## Directions for this task
Let the line containing "Подержанный автомобиль Skoda" serve as the first line of the answer and the final line of the entries as its last, with every line between copied exactly.

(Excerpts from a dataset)
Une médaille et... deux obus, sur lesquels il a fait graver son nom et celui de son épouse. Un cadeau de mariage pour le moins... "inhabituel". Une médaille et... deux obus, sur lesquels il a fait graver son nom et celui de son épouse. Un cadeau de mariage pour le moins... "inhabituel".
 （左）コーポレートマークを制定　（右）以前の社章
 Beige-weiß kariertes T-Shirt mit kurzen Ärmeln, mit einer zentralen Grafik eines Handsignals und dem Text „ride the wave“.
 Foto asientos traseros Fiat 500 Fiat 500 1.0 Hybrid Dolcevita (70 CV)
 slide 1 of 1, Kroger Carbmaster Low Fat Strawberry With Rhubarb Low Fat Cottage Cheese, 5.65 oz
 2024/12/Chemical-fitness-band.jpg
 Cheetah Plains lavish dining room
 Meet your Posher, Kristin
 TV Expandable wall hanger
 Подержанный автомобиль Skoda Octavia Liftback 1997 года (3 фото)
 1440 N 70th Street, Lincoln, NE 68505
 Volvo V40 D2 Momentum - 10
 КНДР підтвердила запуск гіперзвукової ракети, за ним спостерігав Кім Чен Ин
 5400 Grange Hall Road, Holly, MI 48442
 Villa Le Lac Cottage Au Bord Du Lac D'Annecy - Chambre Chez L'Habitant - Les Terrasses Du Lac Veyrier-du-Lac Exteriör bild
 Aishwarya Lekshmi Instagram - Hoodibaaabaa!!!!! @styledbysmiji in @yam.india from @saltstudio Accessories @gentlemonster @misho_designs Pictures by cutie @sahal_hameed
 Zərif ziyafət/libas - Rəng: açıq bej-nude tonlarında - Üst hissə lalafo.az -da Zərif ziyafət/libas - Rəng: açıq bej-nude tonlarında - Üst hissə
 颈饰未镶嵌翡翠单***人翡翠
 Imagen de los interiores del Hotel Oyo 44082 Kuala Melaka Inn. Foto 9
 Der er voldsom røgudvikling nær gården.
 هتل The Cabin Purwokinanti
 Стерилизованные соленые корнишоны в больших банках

## Answer to this task
 Подержанный автомобиль Skoda Octavia Liftback 1997 года (3 фото)
 1440 N 70th Street, Lincoln, NE 68505
 Volvo V40 D2 Momentum - 10
 КНДР підтвердила запуск гіперзвукової ракети, за ним спостерігав Кім Чен Ин
 5400 Grange Hall Road, Holly, MI 48442
 Villa Le Lac Cottage Au Bord Du Lac D'Annecy - Chambre Chez L'Habitant - Les Terrasses Du Lac Veyrier-du-Lac Exteriör bild
 Aishwarya Lekshmi Instagram - Hoodibaaabaa!!!!! @styledbysmiji in @yam.india from @saltstudio Accessories @gentlemonster @misho_designs Pictures by cutie @sahal_hameed
 Zərif ziyafət/libas - Rəng: açıq bej-nude tonlarında - Üst hissə lalafo.az -da Zərif ziyafət/libas - Rəng: açıq bej-nude tonlarında - Üst hissə
 颈饰未镶嵌翡翠单***人翡翠
 Imagen de los interiores del Hotel Oyo 44082 Kuala Melaka Inn. Foto 9
 Der er voldsom røgudvikling nær gården.
 هتل The Cabin Purwokinanti
 Стерилизованные соленые корнишоны в больших банках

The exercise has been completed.